While the group does not have a single preferred candidate, Krasno said Clark's low ranking in the Security Council polls was a surprise given her impressive performance in public aspects of the campaign, such as a panel chaired by al-Jazeera television.
She said she could not see what faults the Security Council might see in Clark, other than those wanting a Eastern European.
"We thought she would definitely be stronger. She was disappointed in the results, but she's still in the running, she's still definitely competitive and she should stay because who knows what's going to happen?
In a recent interview with the Campaign to elect a Woman Secretary General, Clark voiced some frustration over the "opaque" process of the Security Council and warned that Council members could not ignore the public process up to then.

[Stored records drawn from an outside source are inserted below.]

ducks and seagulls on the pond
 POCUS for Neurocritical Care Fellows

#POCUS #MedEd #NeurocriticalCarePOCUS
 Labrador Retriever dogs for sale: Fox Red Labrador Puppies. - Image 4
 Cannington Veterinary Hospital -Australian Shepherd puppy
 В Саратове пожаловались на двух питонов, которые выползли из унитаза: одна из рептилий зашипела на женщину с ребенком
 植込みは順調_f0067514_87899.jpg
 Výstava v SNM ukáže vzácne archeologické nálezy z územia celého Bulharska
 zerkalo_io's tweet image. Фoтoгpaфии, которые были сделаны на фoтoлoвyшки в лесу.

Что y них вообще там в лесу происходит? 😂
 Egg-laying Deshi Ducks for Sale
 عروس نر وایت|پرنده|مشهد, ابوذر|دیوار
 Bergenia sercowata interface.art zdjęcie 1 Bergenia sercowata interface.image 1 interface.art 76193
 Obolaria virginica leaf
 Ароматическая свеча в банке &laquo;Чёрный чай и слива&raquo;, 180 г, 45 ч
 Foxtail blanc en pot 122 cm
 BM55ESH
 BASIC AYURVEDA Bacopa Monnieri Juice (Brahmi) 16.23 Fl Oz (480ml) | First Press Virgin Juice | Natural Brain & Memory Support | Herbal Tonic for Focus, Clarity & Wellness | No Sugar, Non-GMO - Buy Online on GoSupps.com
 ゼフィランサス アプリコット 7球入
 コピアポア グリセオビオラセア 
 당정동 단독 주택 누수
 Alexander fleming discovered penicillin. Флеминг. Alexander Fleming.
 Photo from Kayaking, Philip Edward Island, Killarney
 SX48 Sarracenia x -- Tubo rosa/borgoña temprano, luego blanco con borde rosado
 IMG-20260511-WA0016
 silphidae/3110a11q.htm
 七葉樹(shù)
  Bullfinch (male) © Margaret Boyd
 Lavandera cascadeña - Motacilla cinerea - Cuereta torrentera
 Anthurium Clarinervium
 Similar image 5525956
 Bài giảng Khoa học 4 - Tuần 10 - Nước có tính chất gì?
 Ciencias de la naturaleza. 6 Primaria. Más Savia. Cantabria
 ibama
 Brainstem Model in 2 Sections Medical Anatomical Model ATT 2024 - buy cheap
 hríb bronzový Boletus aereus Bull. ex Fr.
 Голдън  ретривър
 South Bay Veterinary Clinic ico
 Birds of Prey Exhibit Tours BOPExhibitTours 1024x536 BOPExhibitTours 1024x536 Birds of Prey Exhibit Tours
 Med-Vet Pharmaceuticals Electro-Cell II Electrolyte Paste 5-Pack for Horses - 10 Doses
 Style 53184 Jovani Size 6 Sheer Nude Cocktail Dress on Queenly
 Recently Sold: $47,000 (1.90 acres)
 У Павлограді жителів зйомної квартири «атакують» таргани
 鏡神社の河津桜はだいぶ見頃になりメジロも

"I think the transparent part of the process opened up a lot of expectations for a different kind of profile for Secretary General," Clark said. "The issue will be whether the more transparent process to that point actually results in a different kind of person being chosen."
Some have cited Clark's strength of leadership as potentially off-putting for some Security Council members who might want a more compliant Secretary General.
However, Clark said the problems the world was facing now required a different sort of leader. "When you look at the many crises the world is facing, the UN has to step up to this and it won't be done through low profile leadership.
"It will be done by those who have the skills to advocate, to lead, to exhort, to encourage, to maximise the soft power possibilities."
She said the Secretary General did not have 'hard power' - it had no Army to deploy.
"But I come from a small country that never had any hard power either, you use soft power - the power of your voice, the power of your office to engage people."
So far male candidates have dominated in the two straw polls and Portugal's Antonio Guterres topped both. The women with the most support were Argentina's Susana Malcorra and Bulgaria's Irina Bokova.
Since the last straw poll, outgoing Secretary General Ban ki-Moon has also publicly added his voice to calls for a woman to take over his role when he steps down at the end of the year.
Of the remaining 11 candidates, six are men and five are women.